Required action: To complete this task, print all the data below exactly but leave out the images.

Exercise data:
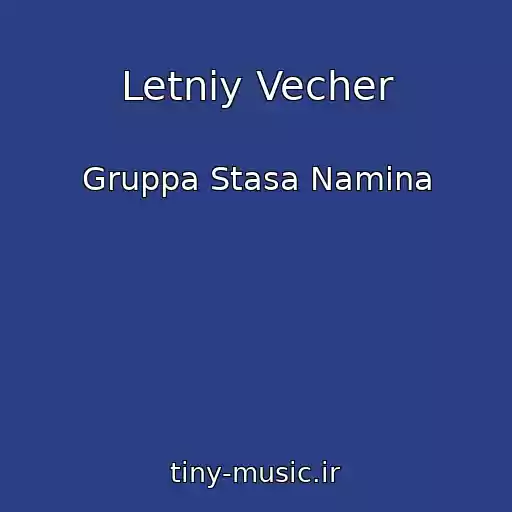 کاور آهنگ Letniy Vecher از Gruppa Stasa Namina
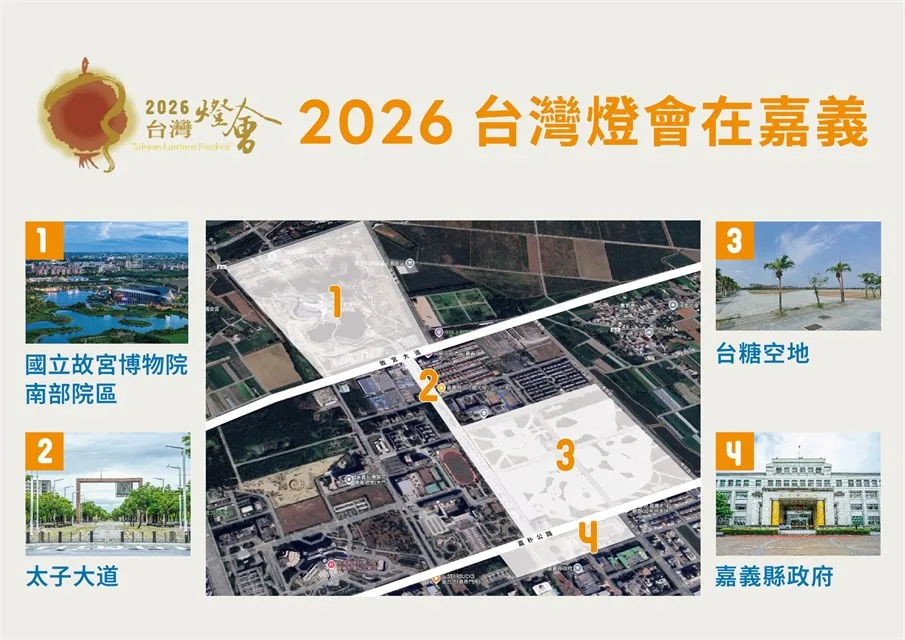 嘉義縣「2026台灣燈會」（第37屆）展期為期13天。交通部觀光署提供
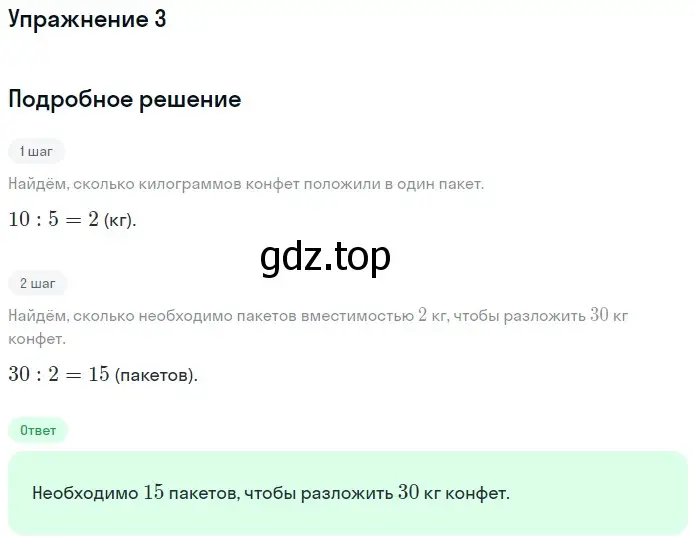 Решение 2. номер 3 (страница 36) гдз по математике 5 класс Мерзляк, Полонский, учебник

Solution to this task:
 کاور آهنگ Letniy Vecher از Gruppa Stasa Namina
 嘉義縣「2026台灣燈會」（第37屆）展期為期13天。交通部觀光署提供
 Решение 2. номер 3 (страница 36) гдз по математике 5 класс Мерзляк, Полонский, учебник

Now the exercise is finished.